▸ Work instruction:
In the listing below, find the line that contains "a quote that" and the line that contains "For this game, we". Quote both and every line between them, exactly, and nothing more.

▸ Exercise data:
──────

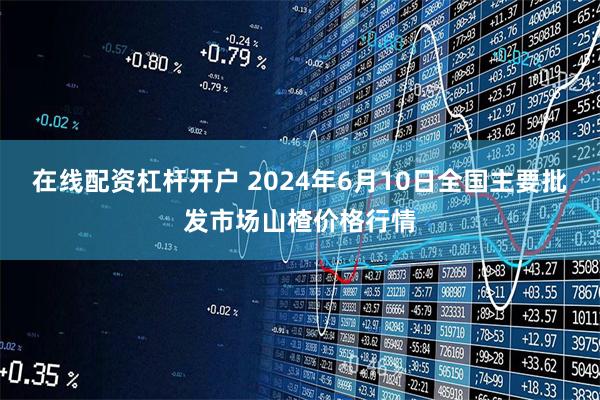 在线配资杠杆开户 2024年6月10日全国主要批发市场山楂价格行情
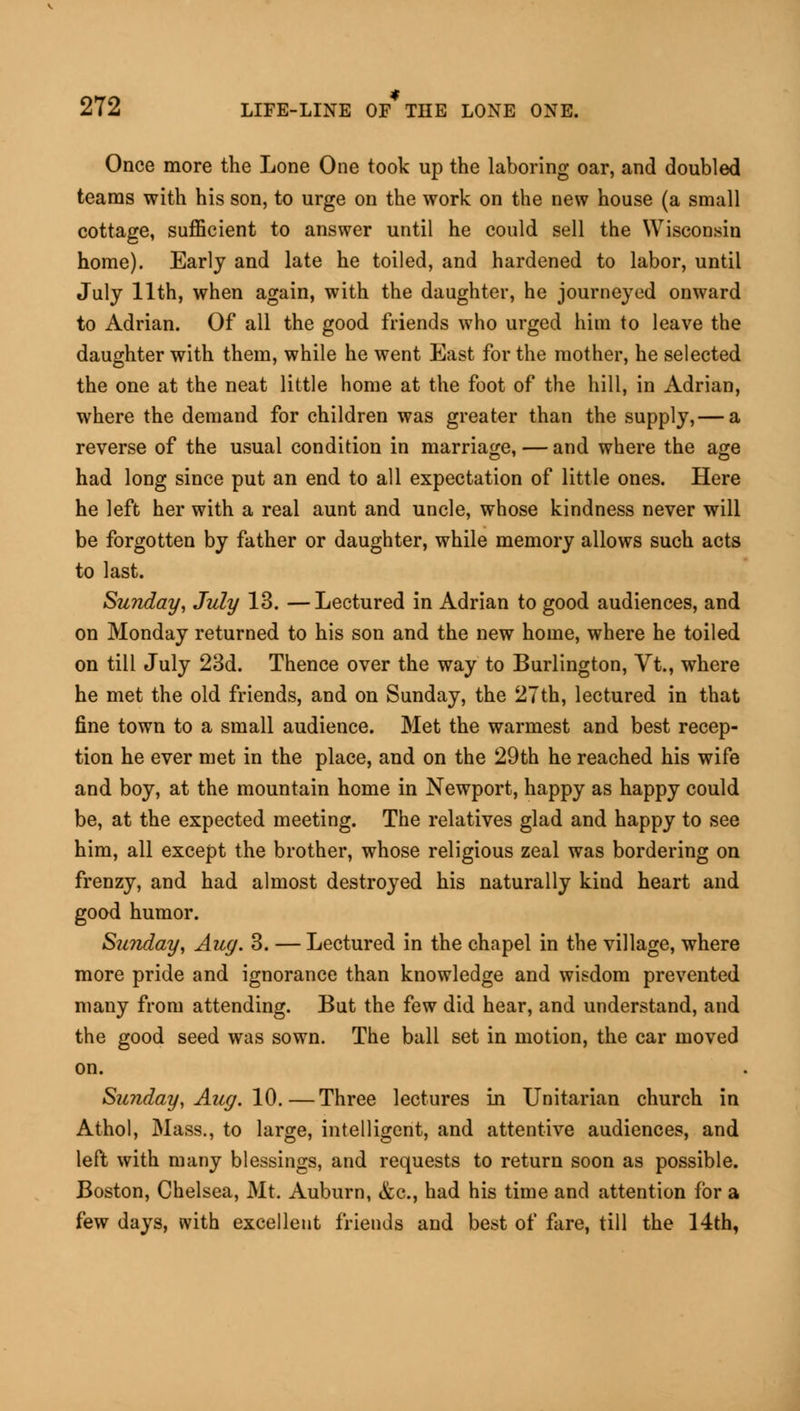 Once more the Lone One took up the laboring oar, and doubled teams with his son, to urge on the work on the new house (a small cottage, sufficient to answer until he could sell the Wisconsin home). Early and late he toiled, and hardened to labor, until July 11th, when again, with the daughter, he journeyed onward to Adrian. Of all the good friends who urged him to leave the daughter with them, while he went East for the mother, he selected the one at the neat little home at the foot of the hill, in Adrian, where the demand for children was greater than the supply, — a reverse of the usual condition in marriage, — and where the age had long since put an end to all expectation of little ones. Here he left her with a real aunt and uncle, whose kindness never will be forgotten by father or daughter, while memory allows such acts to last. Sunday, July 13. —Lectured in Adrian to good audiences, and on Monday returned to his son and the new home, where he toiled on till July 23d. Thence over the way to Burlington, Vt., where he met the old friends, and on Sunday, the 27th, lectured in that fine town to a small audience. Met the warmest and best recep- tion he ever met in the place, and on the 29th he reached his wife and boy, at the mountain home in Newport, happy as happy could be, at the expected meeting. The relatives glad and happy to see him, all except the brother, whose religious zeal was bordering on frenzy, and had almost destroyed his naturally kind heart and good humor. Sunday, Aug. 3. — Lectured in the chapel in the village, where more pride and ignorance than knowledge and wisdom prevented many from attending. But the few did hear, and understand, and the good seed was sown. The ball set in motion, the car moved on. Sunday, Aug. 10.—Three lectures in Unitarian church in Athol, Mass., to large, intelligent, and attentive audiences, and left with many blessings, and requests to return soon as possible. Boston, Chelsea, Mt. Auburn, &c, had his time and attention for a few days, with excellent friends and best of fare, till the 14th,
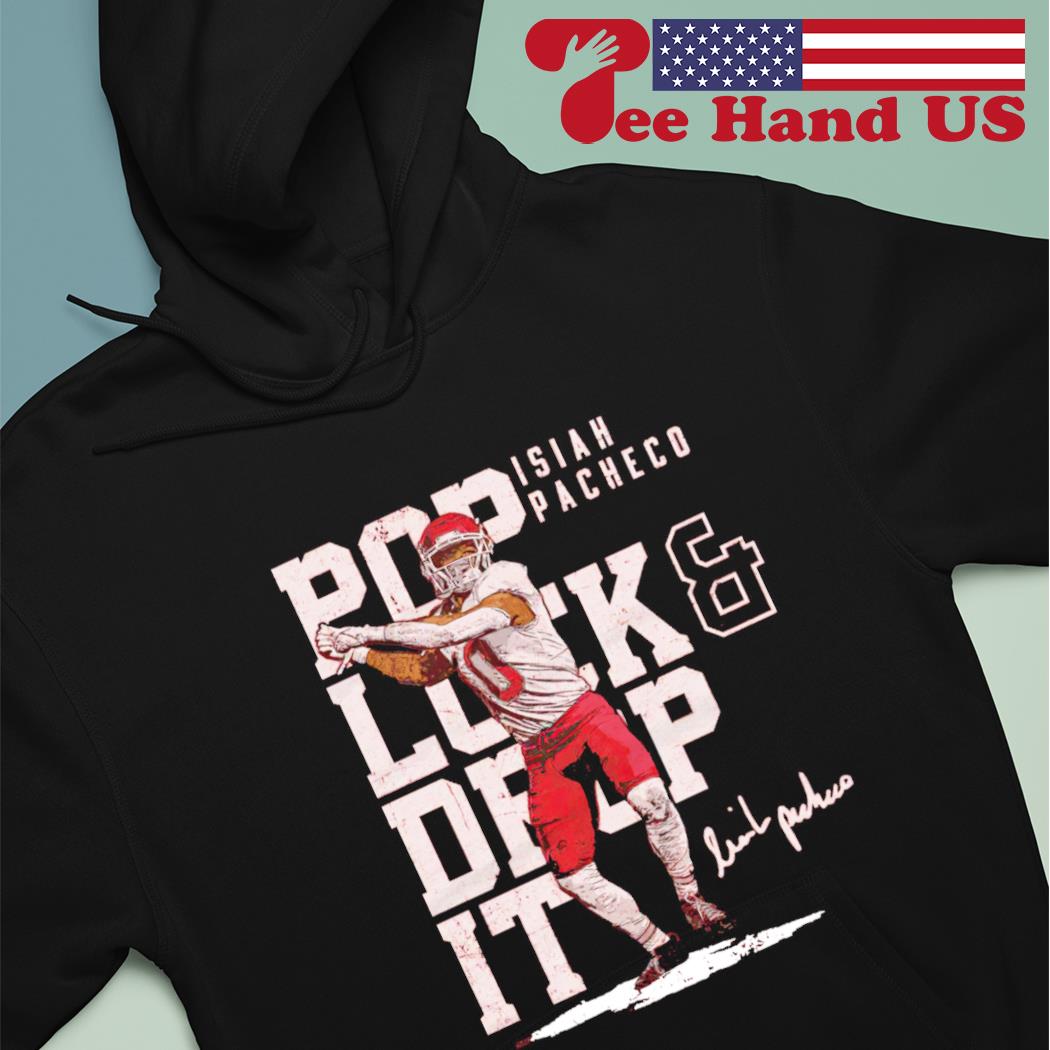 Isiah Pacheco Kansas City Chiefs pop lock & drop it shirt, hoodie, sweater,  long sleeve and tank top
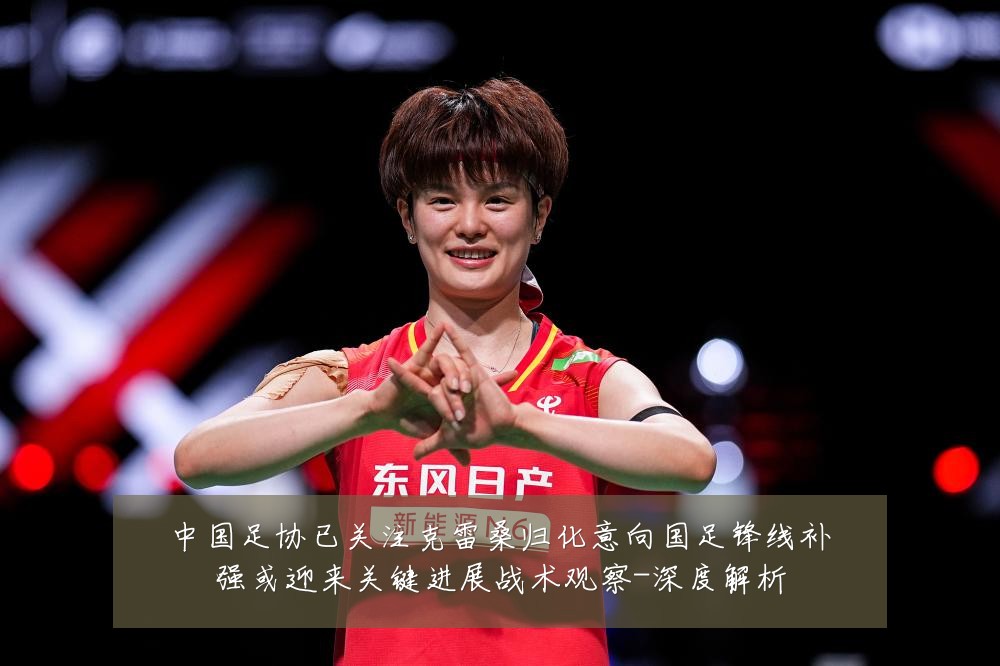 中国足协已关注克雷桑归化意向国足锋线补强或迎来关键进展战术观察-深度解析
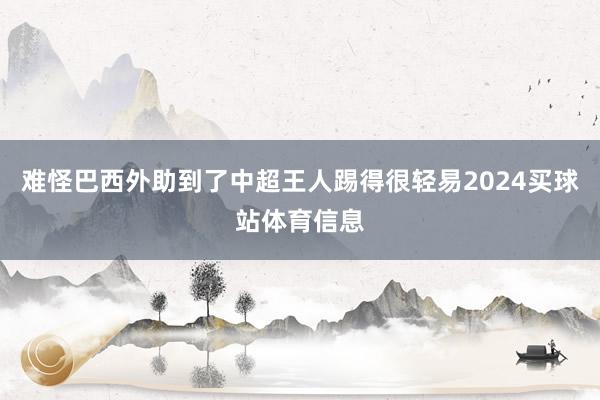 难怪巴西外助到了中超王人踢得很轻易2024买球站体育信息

──────

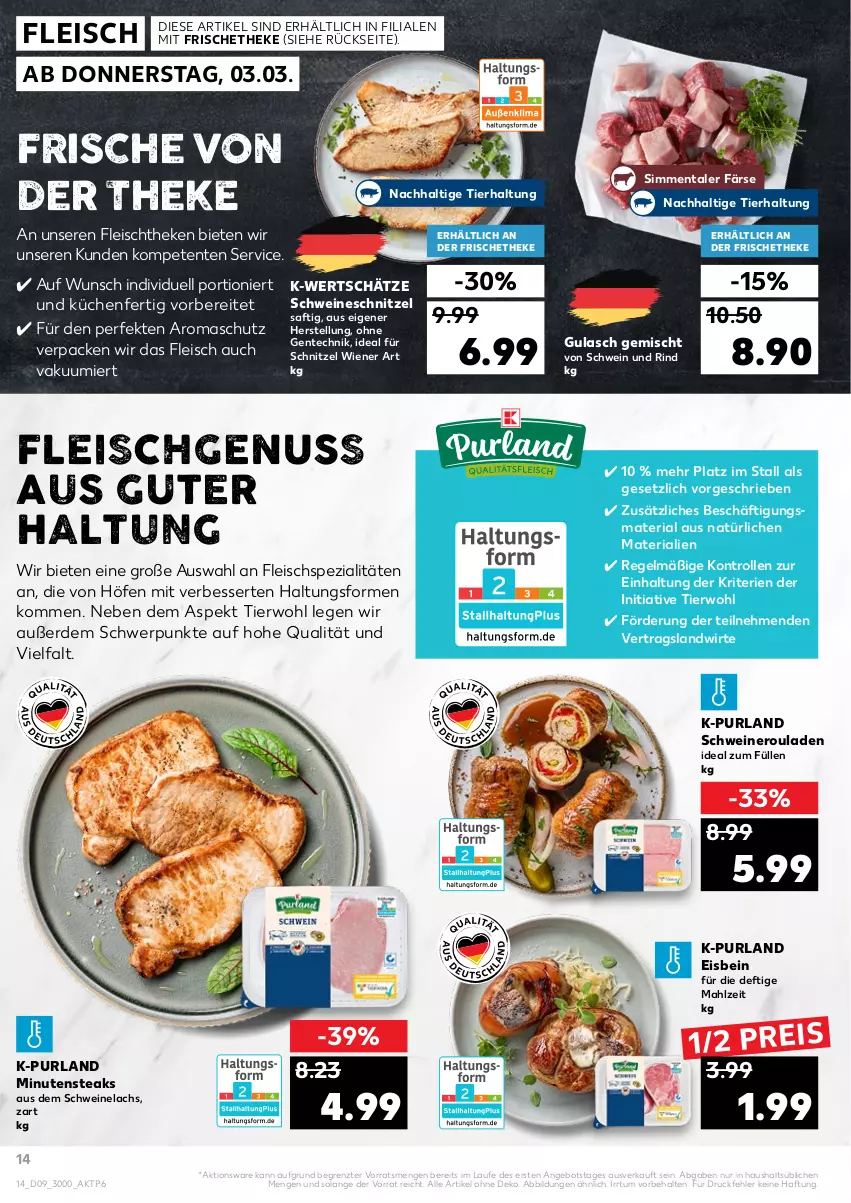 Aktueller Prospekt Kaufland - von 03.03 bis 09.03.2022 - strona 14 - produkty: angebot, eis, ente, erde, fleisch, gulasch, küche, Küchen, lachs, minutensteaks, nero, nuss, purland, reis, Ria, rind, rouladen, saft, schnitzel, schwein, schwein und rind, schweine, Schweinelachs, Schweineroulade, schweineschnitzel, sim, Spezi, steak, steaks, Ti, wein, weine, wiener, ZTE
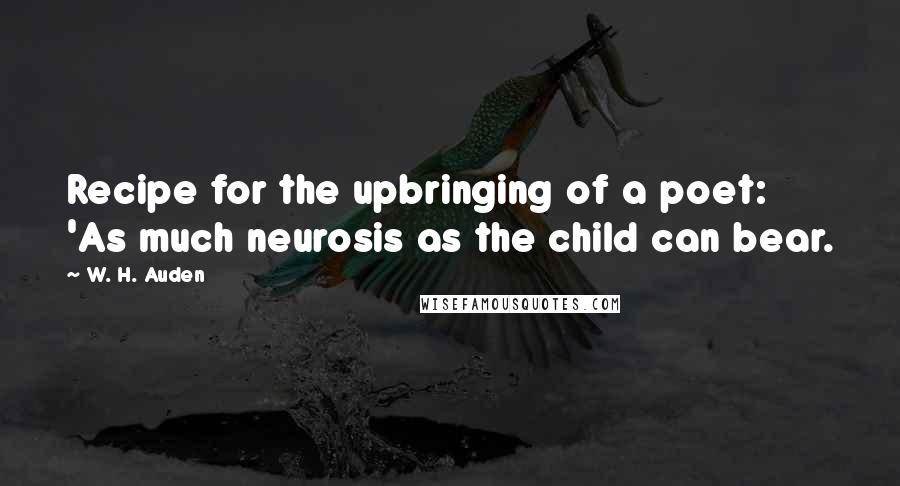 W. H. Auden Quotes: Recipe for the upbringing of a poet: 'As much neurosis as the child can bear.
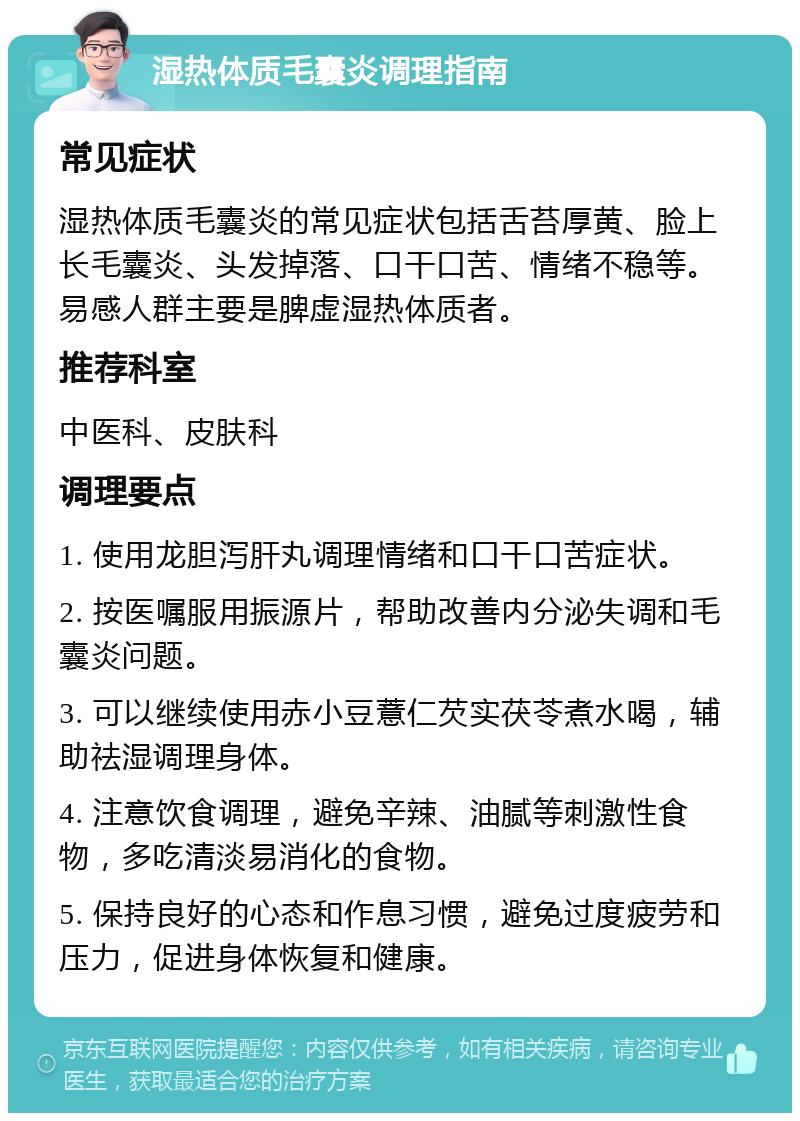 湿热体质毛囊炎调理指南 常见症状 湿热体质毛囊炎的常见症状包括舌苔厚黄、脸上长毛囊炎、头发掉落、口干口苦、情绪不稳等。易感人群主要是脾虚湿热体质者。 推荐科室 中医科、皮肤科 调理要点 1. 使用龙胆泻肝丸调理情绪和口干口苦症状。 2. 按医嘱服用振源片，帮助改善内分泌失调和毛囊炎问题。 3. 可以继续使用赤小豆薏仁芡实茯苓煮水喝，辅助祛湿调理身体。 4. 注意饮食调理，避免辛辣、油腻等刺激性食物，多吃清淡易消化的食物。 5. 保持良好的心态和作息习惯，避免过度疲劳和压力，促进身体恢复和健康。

──────

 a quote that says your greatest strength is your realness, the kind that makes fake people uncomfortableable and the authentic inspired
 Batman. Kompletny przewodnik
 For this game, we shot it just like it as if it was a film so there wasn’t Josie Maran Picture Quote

──────

▸ Result of the task:
 a quote that says your greatest strength is your realness, the kind that makes fake people uncomfortableable and the authentic inspired
 Batman. Kompletny przewodnik
 For this game, we shot it just like it as if it was a film so there wasn’t Josie Maran Picture Quote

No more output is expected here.